As reported earlier by The New American, passage of the legislation came on the heels of a ruling February 7 in California by the 9th Circuit Court of Appeals that California’s voter-passed Proposition 8, a state constitutional amendment that effectively defines marriage as between a man and a woman, violates the rights of same-sex couples to marry. Proponents of traditional marriage in California have said they will appeal the ruling to the U.S. Supreme Court.
Democratic Washington State Rep. Jamie Pedersen, a homosexual lawmaker from Seattle who has authored several “gay rights” bills over the years, cited the California ruling during debate on the bill, declaring that “marriage is the name that society gives to the relationship that matters most between two adults.”
But Republican Rep. Jay Rodne, one of the pro-family lawmakers to vote against the measure, argued that legalizing homosexual partnerships was about nothing more than validating an objectionable lifestyle. “This bill is about acceptance…. Marriage is not about self-actualization, validation, or acceptance,” he told reporters. “Marriage has been the union of a man and a woman. When that union is consummated there is potential for the creation of life. Marriage is about life.” He argued that the bill “severs the cultural, historical, and legal underpinnings of the institution of marriage [and] contravenes human nature, and it will hurt families and children.”
State and national pro-family groups vowed to work together to overturn the law, and to replace it with a state constitutional amendment defining marriage as only between a man and a woman. “We plan to submit a referendum on this to the secretary of state before the ink is dry on the governor’s signature,” Chris Plante, a regional coordinator for the National Organization for Marriage (NOM), which has led the fight for traditional marriage across the nation, told the Seattle Times. “We’ve got a major constituency. Faith communities across the state will carry a heavy load on this. But they’re not the only ones committed to retaining the current definition of marriage.”
According to the Christian Post, “In order to install a referendum repealing the bill, same-sex marriage opponents would need to collect 120,577 signatures by June 6 — a number NOM and the Family Policy Institute of Washington are confident they can reach.”
Maggie Gallagher, one of the founders of NOM, said passage of the “gay marriage” bill actually provides momentum for defending marriage in the state. “This decision fires up the base and the resentment that elites, political and judicial, are imposing gay marriage without the consent of the governed, Gallagher told Reuters News. “I think it’s going to make it easier, not harder, to get the signatures and to put it to the people.”
The Rev. Joe Fuiten, a local evangelical pastor, told the Seattle Times that pro-family attorneys were already working on the language for the referendum. “We are 100 percent sure there’ll be a referendum, and there’s a 99 percent chance we’ll be successful in getting the signatures,” he said.

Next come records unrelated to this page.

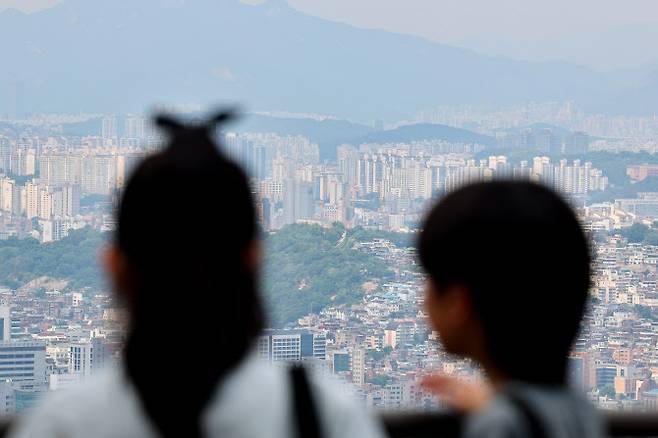 19일 서울 시내 아파트(사진=연합뉴스)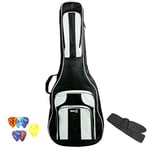 RockJam DGB-04 Deluxe Electric Guitar Bag and Acoustic Guitar Bag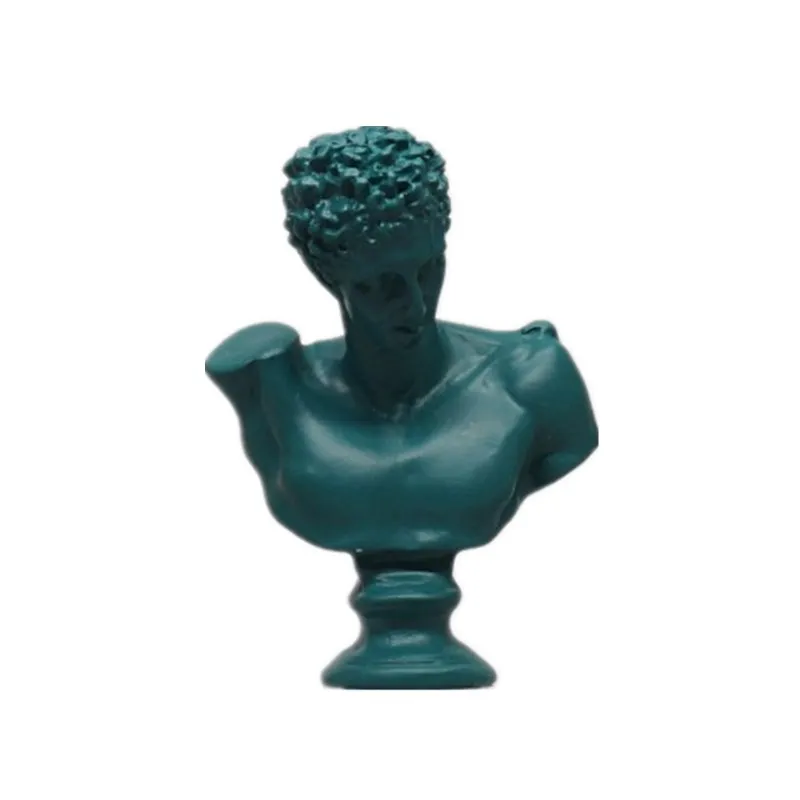 19 шт./компл. Афины VENUS APOLLO VOLTAIRE DAVID ZEUS НЕРА Агриппа статуи искусство Смола ремесло
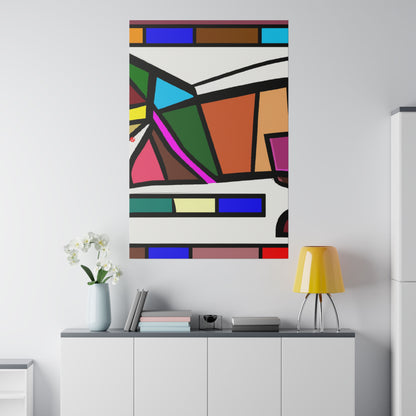 Canvas #9523G - PoshWhimsy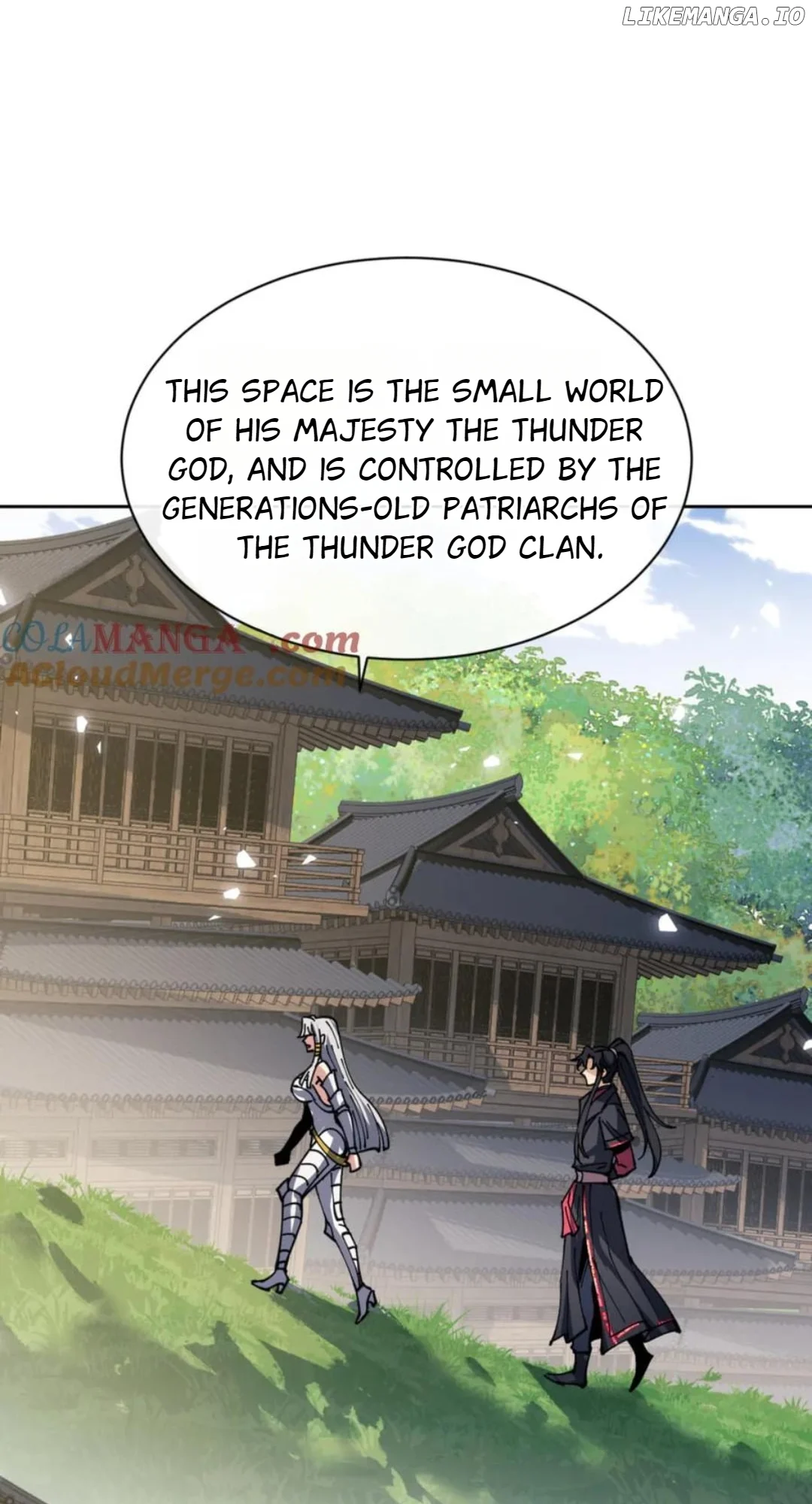Master: This rebellious disciple is definitely not the Holy Son Chapter 130 page 56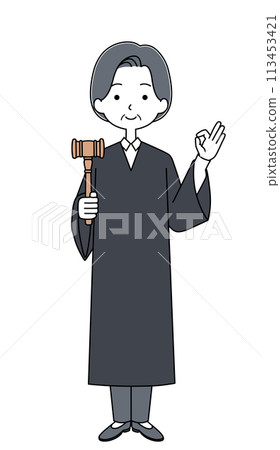 女法官的好標誌圖 113453421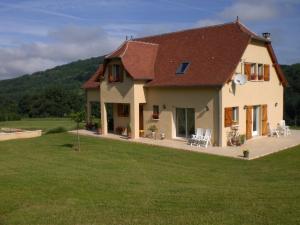 Nespecifikovaný výhled na hory nebo výhled na hory při pohledu z bed and breakfast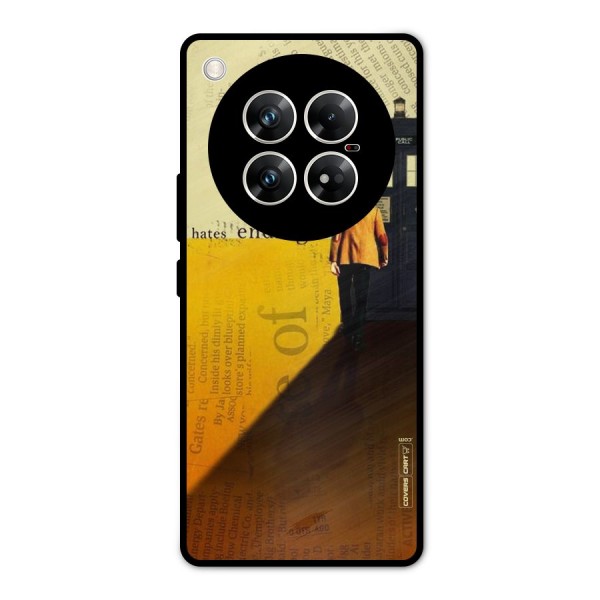 Hates Endings Metal Back Case for Infinix Zero 40 5G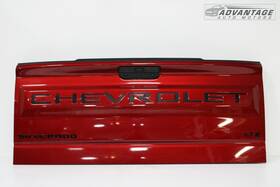 84827879 Chevrolet 2019-2022 Chevy Silverado Liftgate Tailgate Shell Panel Chery Bomp Pearl 1 Oem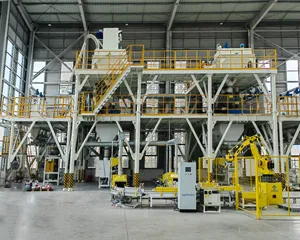 Gypsum Plaster Production Plant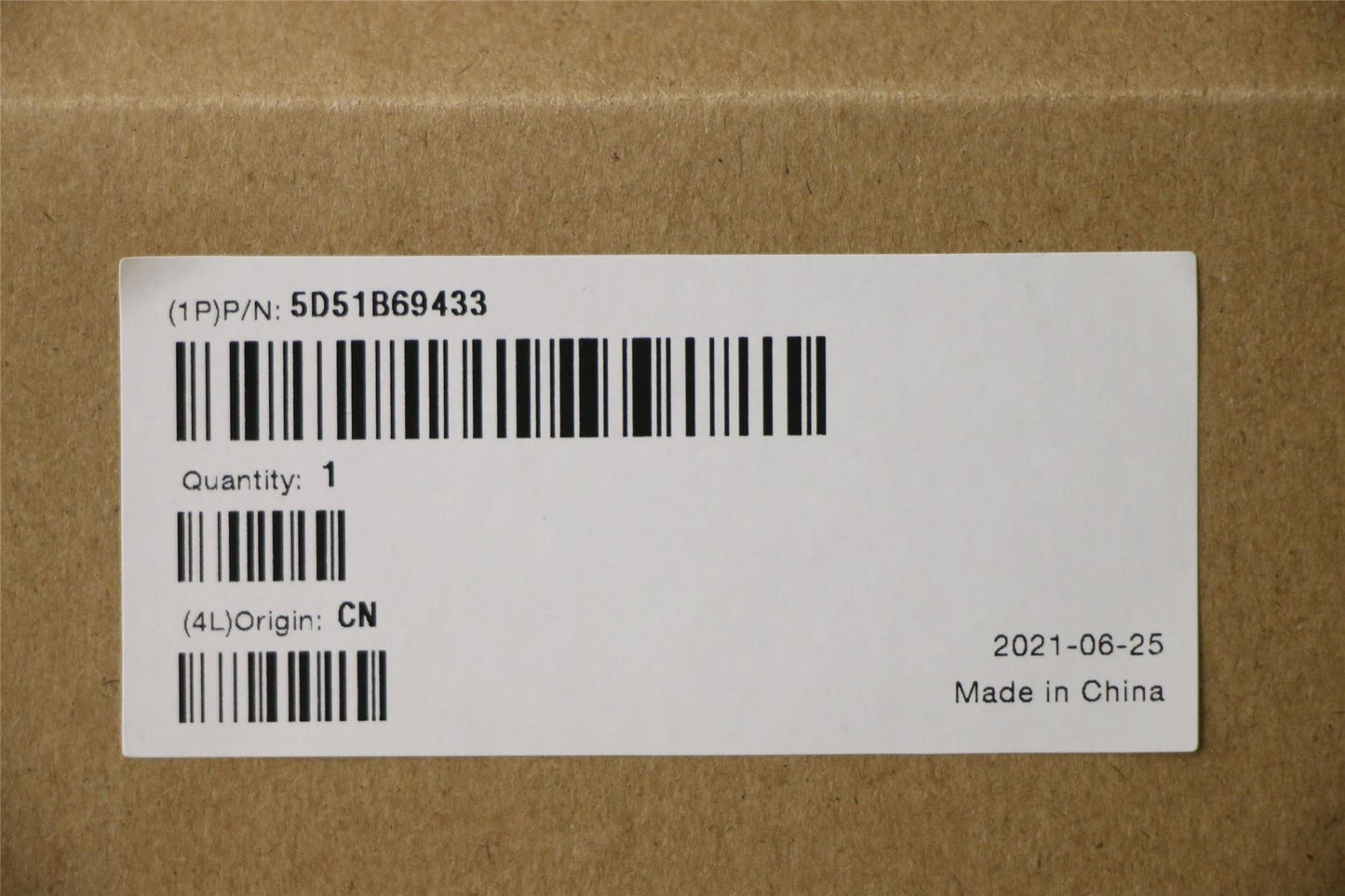 Lenovo SMC KBD-US Eng with Euro 5D51H38218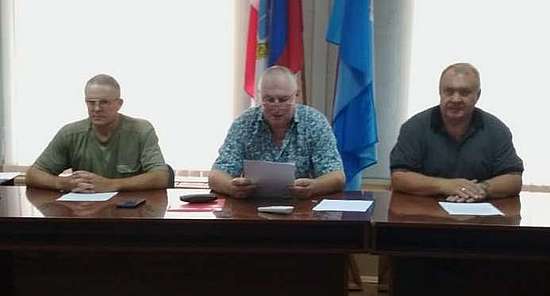 В администрации района состоялось межрайонное совещание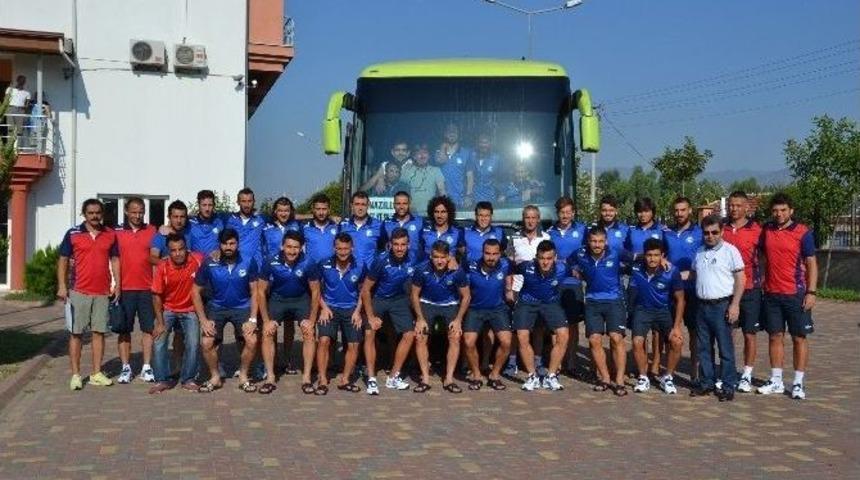 Nazilli Belediyespor&rsquo;da Afyon Kampı Başladı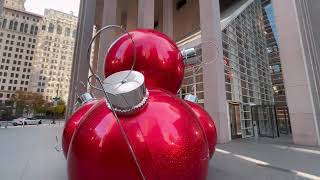 Experience San Francisco's Holiday Walk on Market Street and Ferry Building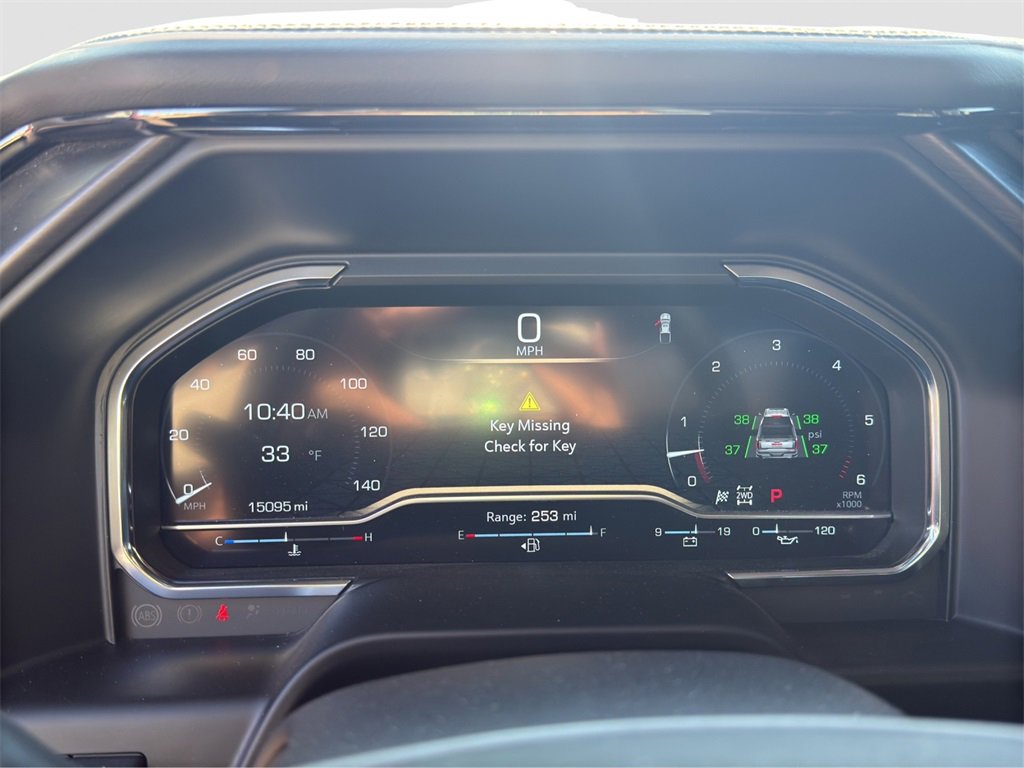 Used 2025 GMC Sierra 1500 AT4X image 10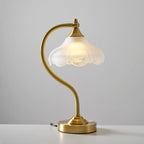 Magnolia Flower Table Lamp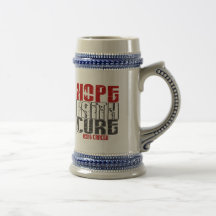 T-shirts et habillement de CANCER DE L'OS de TRAIT Tasse À Café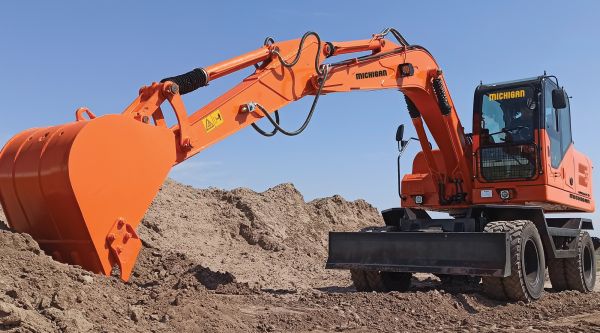 Excavadora MEN 10 Michigan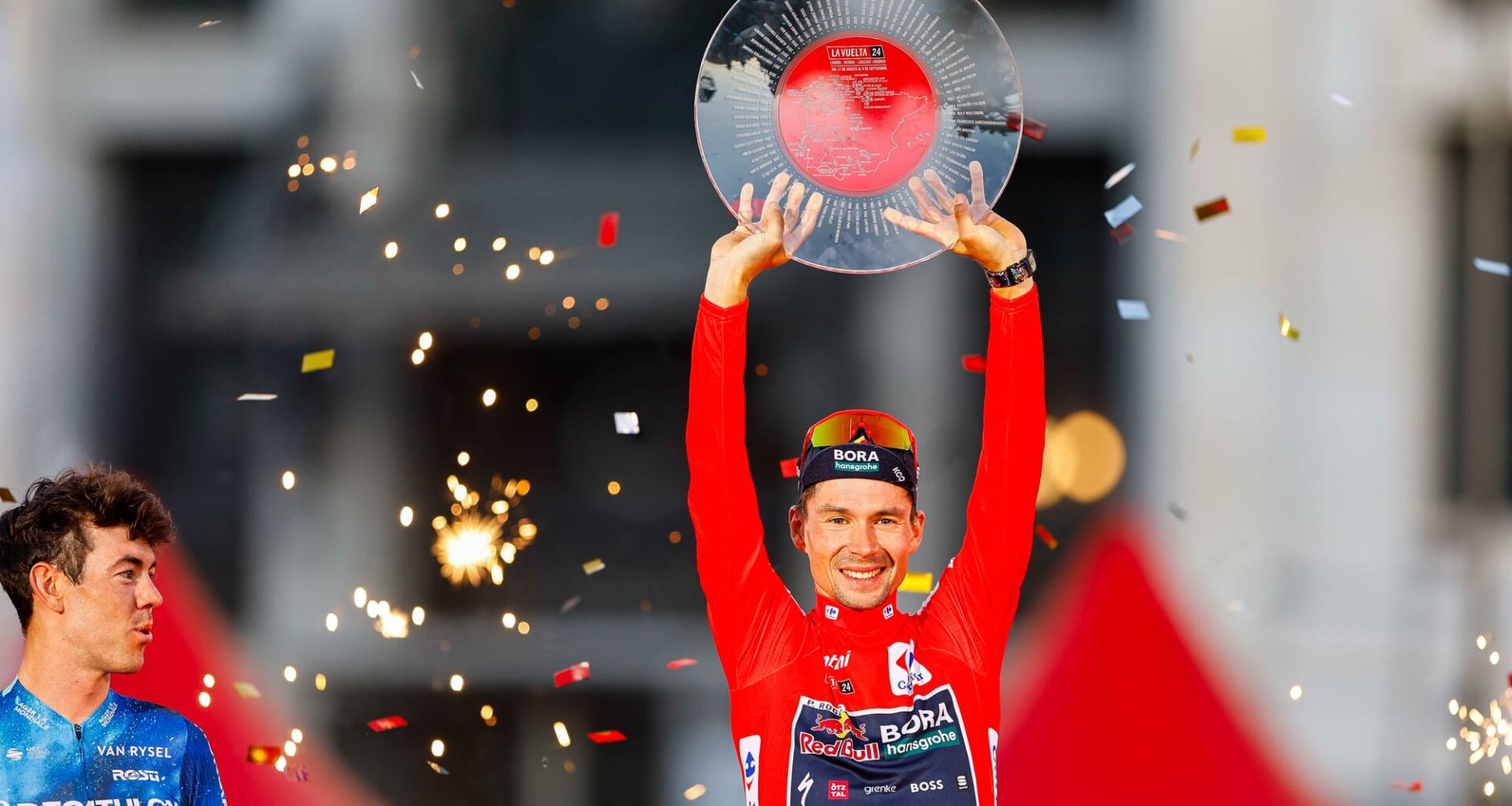 Next year's Vuelta will feature 58,000 meters of elevation gain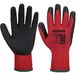 Portwest A100 Grip Handschoen Gauge 10 Gebreide Voering Ademend Ergonomisch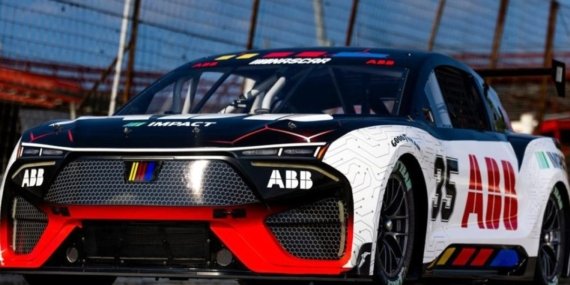 NASCAR’ın Elektrikli Geleceği ABB’nin Yeni Prototipiyle Piste Çıkıyor
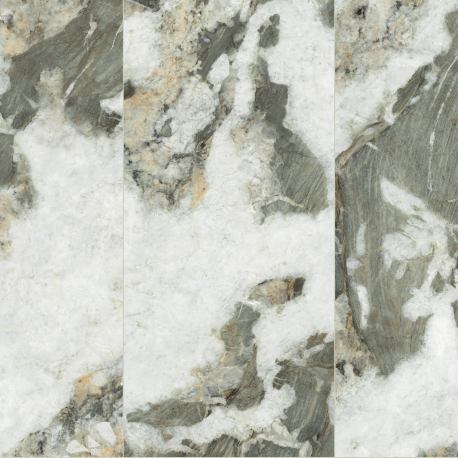 Plaque murale en céramique XXL | 120x280 cm | Salerno Marble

The Times also noted that NOM is set to spend up to $250,000 “to help unseat Senate Republicans who crossed the party platform to vote for same-sex marriage.” A total of four Republican state senators voted for homosexual marriage, while three Democrats voted against it. On the House side, two Republicans voted in favor of the bill, while three Democrats voted against it.
One of the attorneys planning the strategy to defend marriage in the state is Stephen Pidgeon, who the Los Angeles Times reported “is planning a parallel effort to define marriage as between a man and a woman, which would need to gather about double the number of signatures — 241,153 — by July 6 to put it on the ballot. The other potential ballot measure would repeal a law, which requires fewer signatures.”
Pidgeon said that pro-family forces “have a tremendous amount of enthusiasm about the initiative. People are gearing up, and we’re going to move ahead strongly, and I believe quickly. We already have hundreds of churches that have already pledged thousands of signatures.”